Power Users: Wire Any Desktop Environment

You can replicate this exact pattern for any DE (Plasma, GNOME, MATE, i3, etc.) in any container.

Step 1: Create the launcher script at /usr/local/bin/de-start:

#!/bin/sh

ENV_FILE=/run/droidspaces.env
CONFIG=/run/droidspaces/container.config

if [ -f "$ENV_FILE" ]; then
    . "$ENV_FILE"
    WHITELIST=$(sed -n 's/^export \([A-Za-z_][A-Za-z0-9_]*\)=.*/\1/p' "$ENV_FILE" | tr '\n' ',' | sed 's/,$//')
else
    export DISPLAY=:5
    WHITELIST=DISPLAY
    if grep -q 'enable_pulseaudio=1' "$CONFIG" 2>/dev/null; then
        export PULSE_SERVER=unix:/tmp/.pulse-socket
        WHITELIST="$WHITELIST,PULSE_SERVER"
    fi
    if grep -q 'enable_virgl=1' "$CONFIG" 2>/dev/null; then
        export GALLIUM_DRIVER=virpipe
        WHITELIST="$WHITELIST,GALLIUM_DRIVER"
    fi
fi

DE_CMD="startplasma-x11"   # replace with your DE's start command

if [ -n "$XFCE_USER" ]; then
    exec su -l -w "$WHITELIST" "$XFCE_USER" -c "exec $DE_CMD"
else
    exec $DE_CMD
fi
chmod +x /usr/local/bin/de-start

Step 2: Create the systemd service at /etc/systemd/system/de-autostart.service:

[Unit]
Description=Desktop Environment Autostart
After=graphical.target

[Service]
Type=simple
ExecCondition=/bin/sh -c "grep -q 'enable_termux_x11=1' /run/droidspaces/container.config"
ExecCondition=/bin/sh -c "test -S /tmp/.X11-unix/X5"
ExecStart=/usr/local/bin/de-start
Restart=on-failure

[Install]
WantedBy=graphical.target

Step 3: Enable it:

systemctl enable de-autostart.service

On next container boot with Termux:X11 enabled, your DE will appear in the Termux:X11 app automatically.

Note

The XFCE_USER variable name is a convention from our official tarballs. You can rename it to anything in your own script - what matters is the su -l -w "$WHITELIST" pattern for clean user switching with env passthrough.


Linux Desktop (AMD/Intel)

On Linux-based hosts, GPU acceleration works natively with zero additional configuration within Droidspaces.

Requirements

  • An active X11 or Wayland session on your host.
  • Functional GPU drivers (Mesa/Intel/AMD).

Implementation Steps

  1. Enable Hardware Access: Ensure the Hardware Access toggle is enabled in your container configuration (or use the --hw-access CLI flag).
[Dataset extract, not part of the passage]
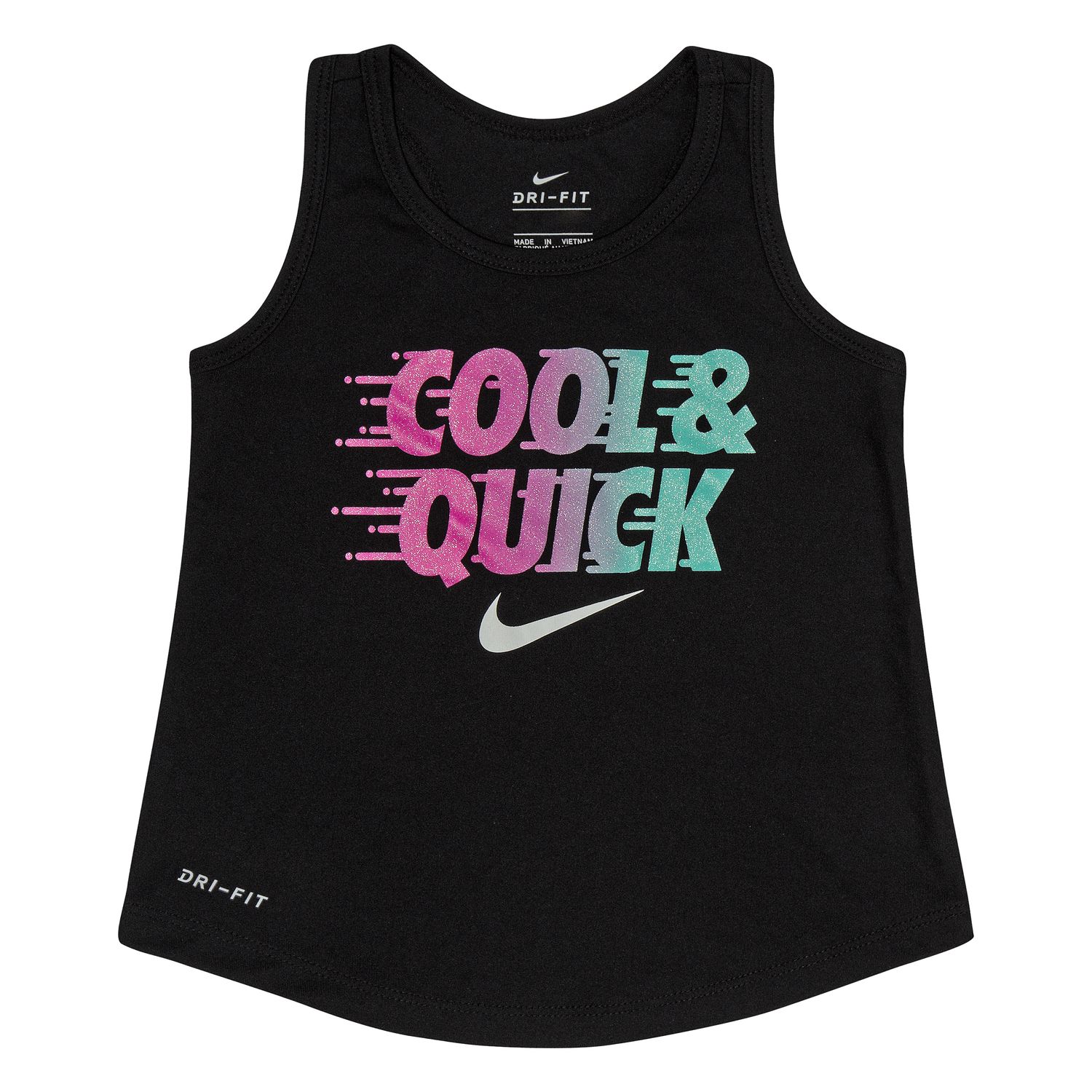 nike graphic tank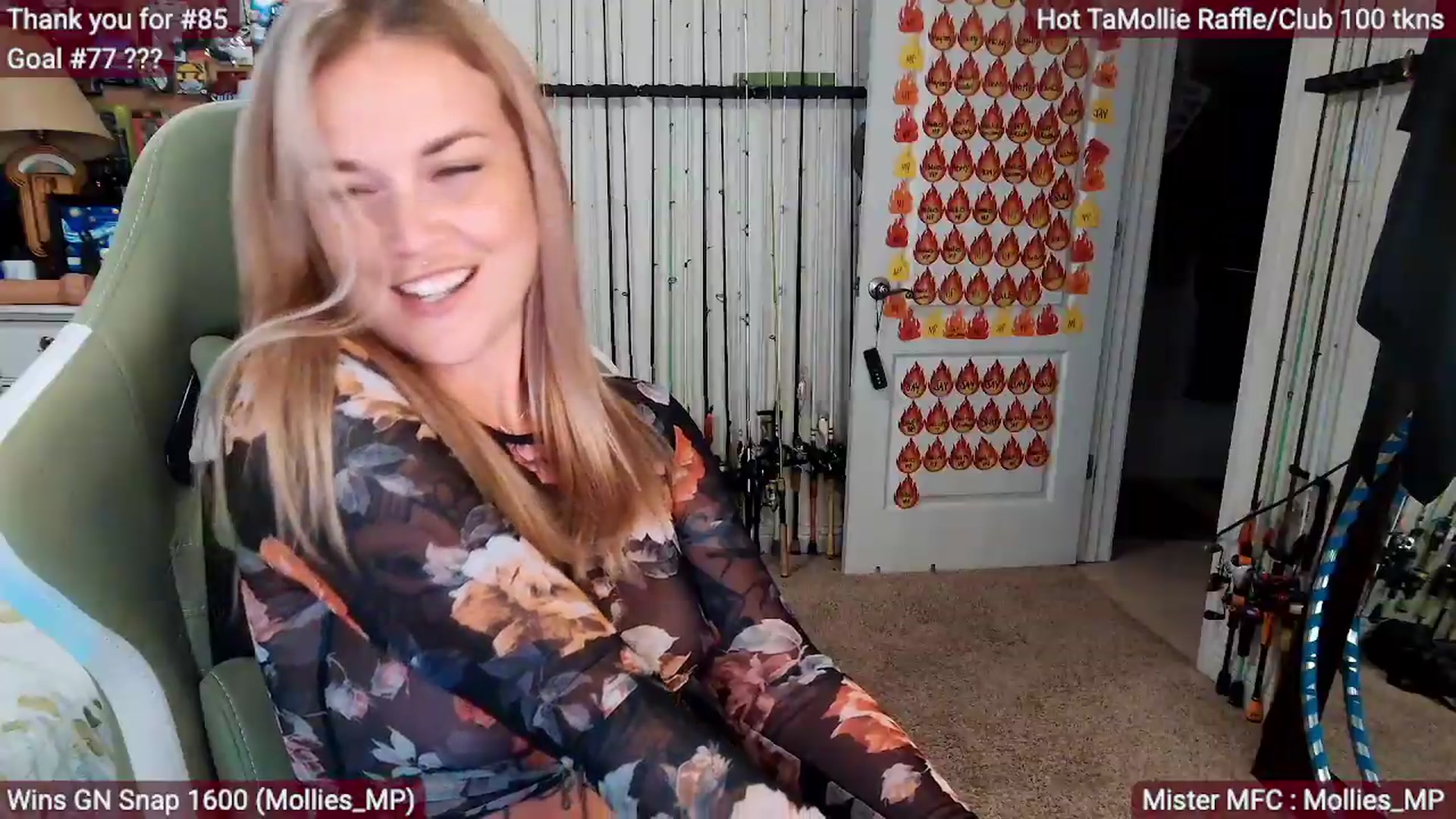 Gallery image thumbnail from MollieRose_'s myfreecams stream on, 06/13/2026, 03:45 image 15 of 20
  2. Xhost Permission: On your host machine, allow the container to connect to your X server:

    xhost +local:
  3. Set Display Variable: Add the host's DISPLAY number to the container's environment (usually :0):

    echo "DISPLAY=:0" >> /etc/environment
  4. Run Applications: GUI applications launched from the container will render natively with full hardware acceleration.